Quaternions are an alternative way to express three-dimensional angles. Essentially, q = w + xi + yj + zk, with q being the quaternion.
Euler angles are your standard X, Y, and Z planes, and transforms in those planes occur just as you would expect them to.
When we were working with the IMU/gyro, there was a need to use quaternions to avoid the issue of gimbal lock. Gimbal lock occurs when two axes, during rotation, merge (align perfectly) and rotate each other. If the X and Y axes merged, and we performed a Y rotation, the X axis would rotate as well, which is not unexpected and undesirable. This can produce significant errors in measurement.
To implement this with the IMU and mBed, we had to use an alternative set of quaternion equations that used the angular velocity of each axis, which is the IMU output. They are shown below:
delta(q) = cos(mag(w)*delta(t)) + normal(w)*sin(mag(w)*delta(t))
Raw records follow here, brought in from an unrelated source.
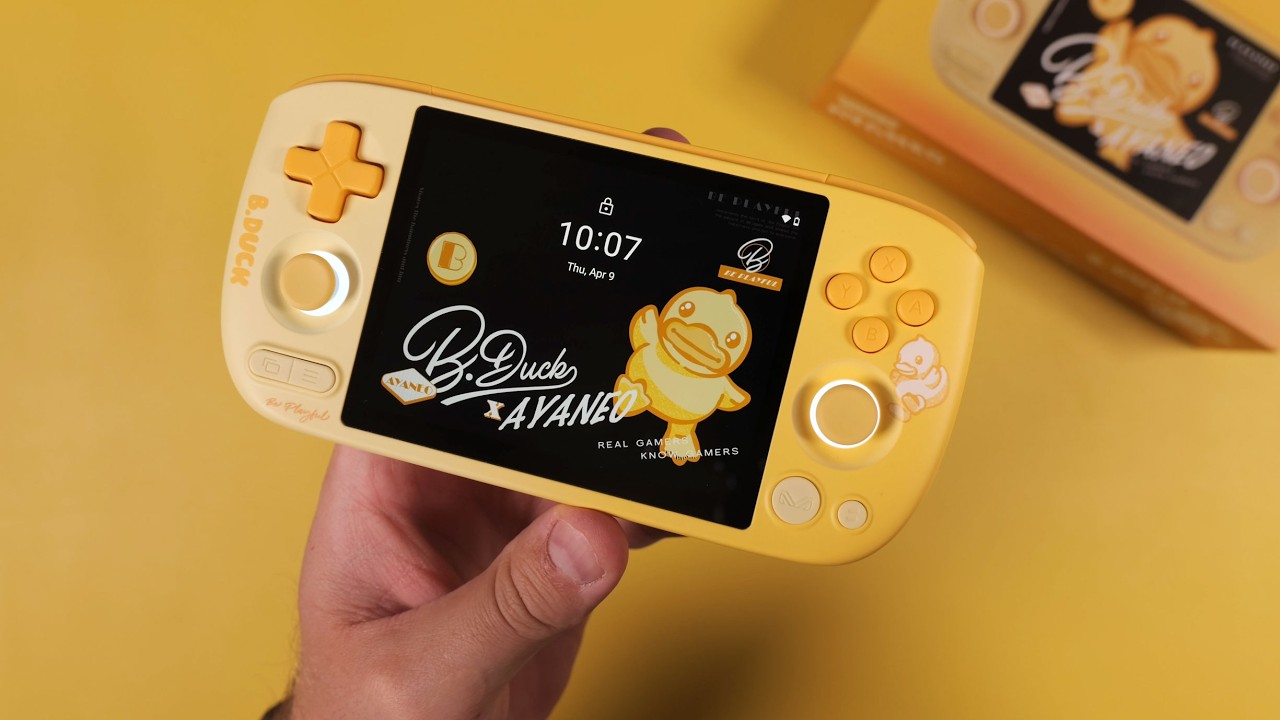 The Perfect Retro Handheld&hellip; Almost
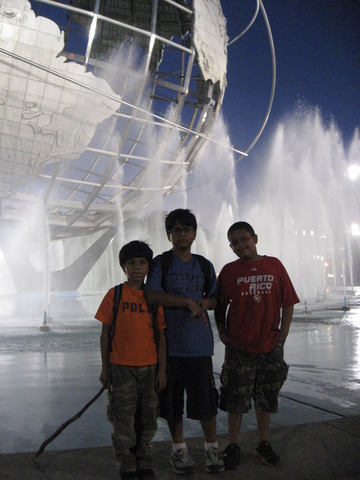 Conocí a mi mejor amigo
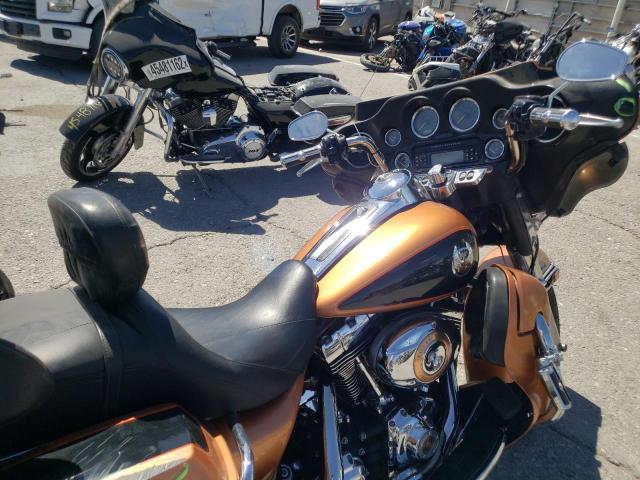 2008 HARLEY-DAVIDSON FLHTCUI 10 1HD1FC4458Y660452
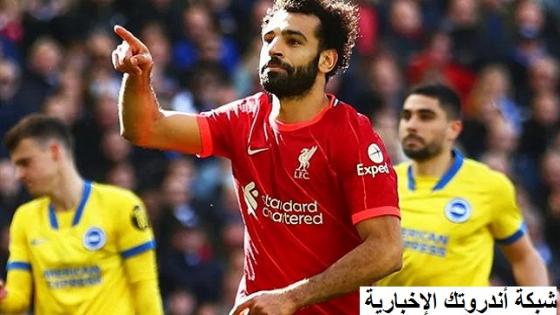 صلاح في الهجوم .. التشكيل الرسمي لقمة أرسنال ضد ليفربول في بطولة الدوري الإنجليزي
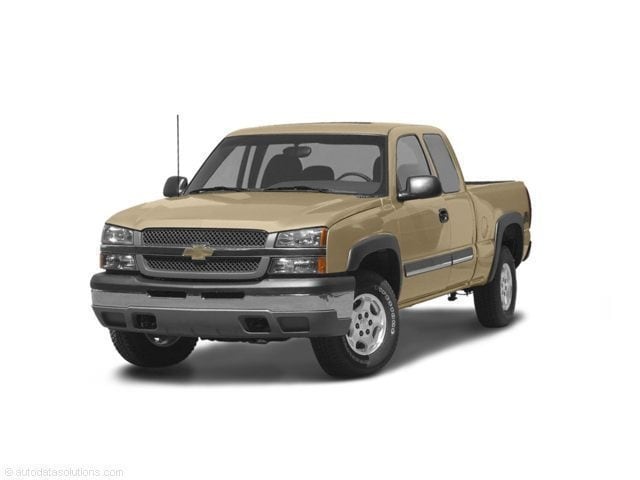 2003 Chevrolet Silverado 1500's photo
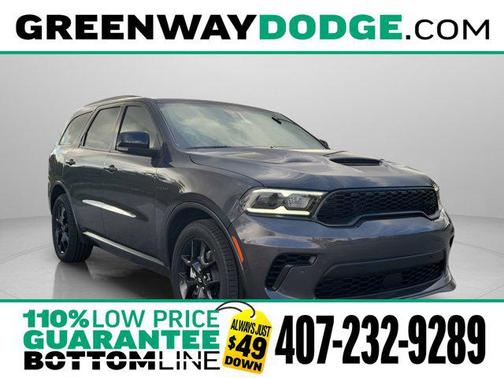 2026 Dodge Durango GT Plus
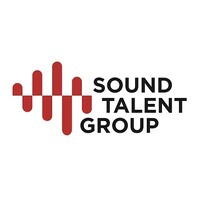Sound Talent Group logo - Similar company to Arrival Artists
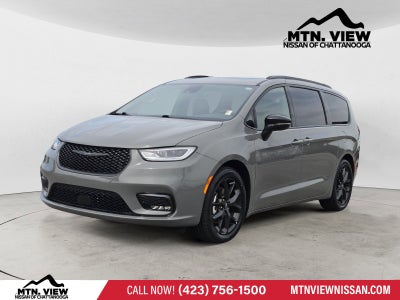 2025 Chrysler Pacifica Limited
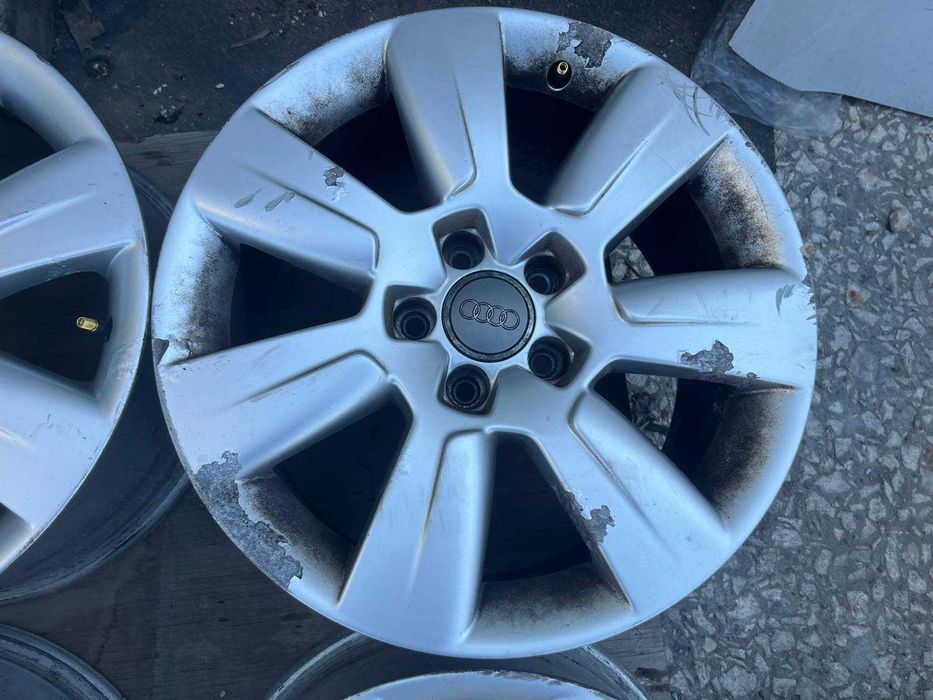 Джанти AUDI A6 C6 8JX17H2 ET38 5X112 4F0601025BM ном 190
delta(t) is the time interval between each measurement update from the IMU.
We used a timer handler, which runs independently of the main loop, to perform quaternion calculations. We found that 20 microseconds was sufficient to update the angles. In order to debug our implementation, we had to convert the quaternion back into Euler angles, which is not the most reliable method. A better way would be to use the IMU measurements to rotate an arm on a Terrabot and look for any unexpected movement (produced by gimbal lock).